North Korea is furious over the U.S.-South Korean joint naval exercises scheduled to take place July 25-28 off the east coast of the Korean Peninsula in the Sea of Japan. Kim Jong Il, the country’s ruthless dictator, went so far as to threaten a “physical response” to the exercises. As the maneuvers were about to commence, however, the North Korean regime predictably retreated to a more passive stance. They toned down their rhetoric and instead warned that they would use “nuclear deterrence” to ward off any American attack.
Such bluster from Pyongyang is to be expected, and it does not necessarily warranted great concern. Rather, it has been China’s objection to the naval exercises that has commanded Washington’s attention. A July 22 editorial in the Chinese Communist Party’s Global Times claimed:
[The situation] only reminds people of Washington’s continuation of its Cold War mentality, with a stick in hand, and waving all over the place….. Aggressive show of force only creates enemies, and the US will risk getting mired in the abyss of a Cold War again.
In the real world, meanwhile, the joint exercises are clearly a reaction to North Korea’s recent use of aggressive force. While in Seoul, Secretary of State Hillary Clinton and Defense Secretary Robert Gates visited the War Memorial to pay tribute to the 46 sailors who were killed when the South Korean corvette Cheonan was sunk by a North Korean torpedo attack in March.
The incident has since escalated into a test of naval strength and resolve across Northeast Asia. Beijing’s strong support for Pyongyang is an aspect of China’s drive to dominate the South China Sea, the East China Sea, and the Yellow Sea. To extend its maritime reach, it needs to drive the U.S. Navy out of the area. Beijing claims this is only a “defensive” move, but the fact remains that control of these waters would threaten critical shipping lanes for raw materials and oil, upon which the trade-based economies of Japan, South Korea, Taiwan, the Philippines, and Southeast Asia depend.
A lengthy commentary by an associate professor at the School of Politics and Public Administration at Guangdong Ocean University was posted on the English language site of China’s state-run Xinhua News Agency on July 13. It made the argument for Beijing’s naval expansion:
History shows no country can be a great power without a strong naval force. And no country in modern times has faced greater threats from the sea as China. It is thus logical for it to develop and modernize its marine force.

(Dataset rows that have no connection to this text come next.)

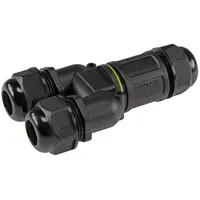 ChiliTec Kabelverbinder 23809, IP68 wasserdicht, für Kabel-Ø, 3-Wege Verteiler, 3-polig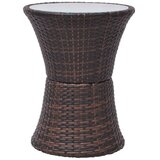  3-dijelni bistro set od poliratana s jastucima smeđi | shoptok.hr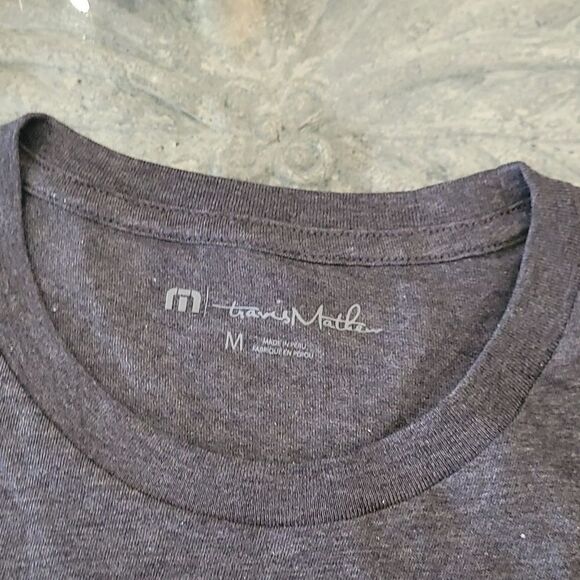 travis Matthew men's Gray Medium Tee Shirt New - Picture 4 of 6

By misinterpreting the United Nations Convention on the Law of the Sea and basing their actions on the so-called principles of “adjacency, prescription, and security,” some countries have violated its rights over islands, reefs and territorial waters.
By adding the South China Sea to its core interests, China has shown its determination to secure its maritime resources and strategic waters.

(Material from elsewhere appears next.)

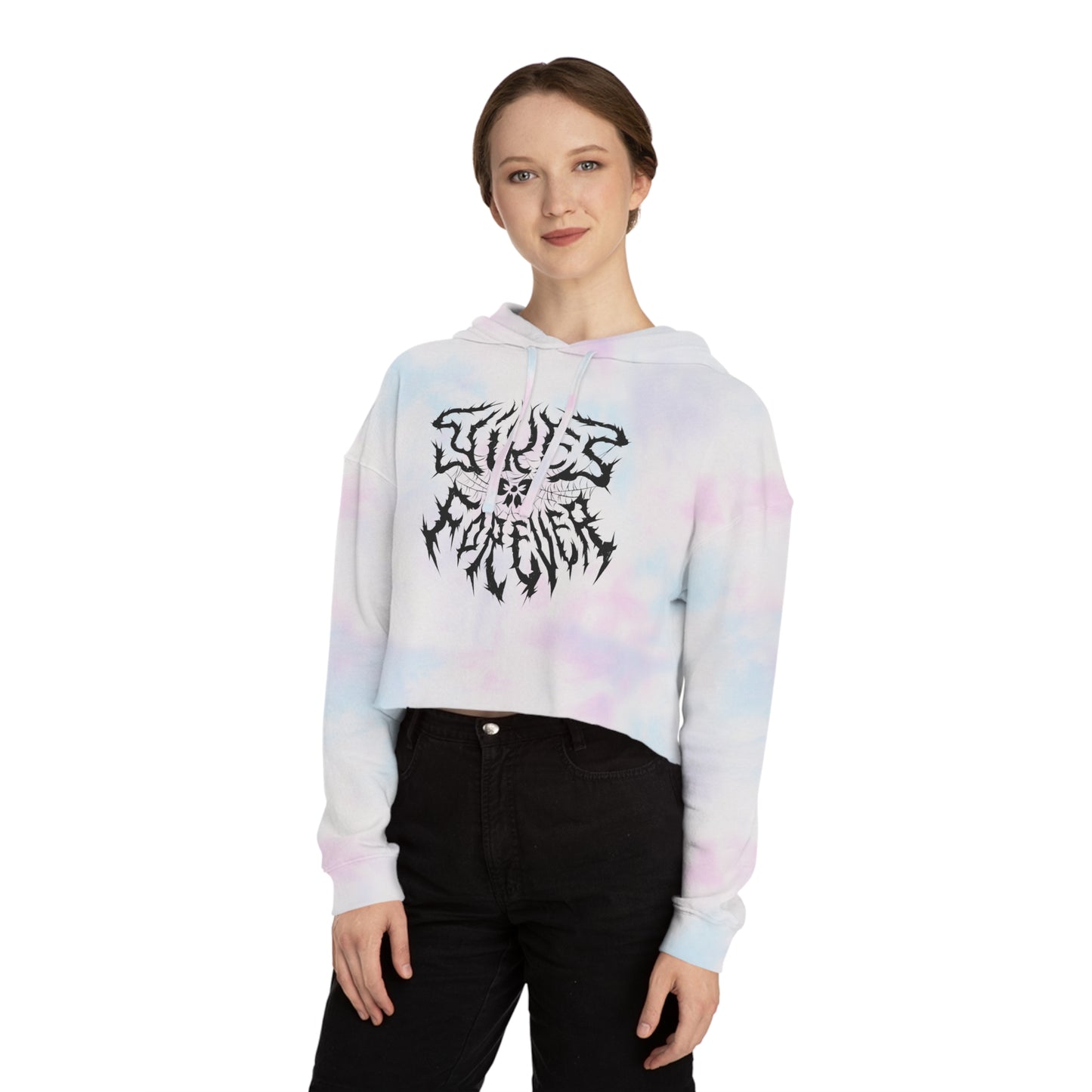 "Yikes Forever" Cropped Hoodie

But it is Beijing that is misinterpreting the Law of the Sea convention (which the U.S. has wisely not ratified) by trying to illegitimately convert the 200 mile Economic Zone (EZ) allocated by the treaty into a claim of sovereignty. Navigation by ships and aircrafts is permitted through the EZ under the traditional principle of the “freedom of the seas.” Chinese naval strategists, however, want to declare all the waters between China and the “first island chain” that runs from Japan through Taiwan, the Philippines, and Indonesia, to Singapore and the Straits of Malacca as “territorial seas” under Beijing’s control. In the April issue of the U.S. Naval Institute’s Proceedings magazine, retired Cmdr. Peter Dutton, a specialist in international law, argued:
The legal conflict reflects a larger clash between China’s objective of increasing its control over its “near seas” and the American geostrategic interest in maintaining the freedom of navigation on which the health and stability of the global maritime commons rely, and which is essential to support American security guarantees in East Asia.”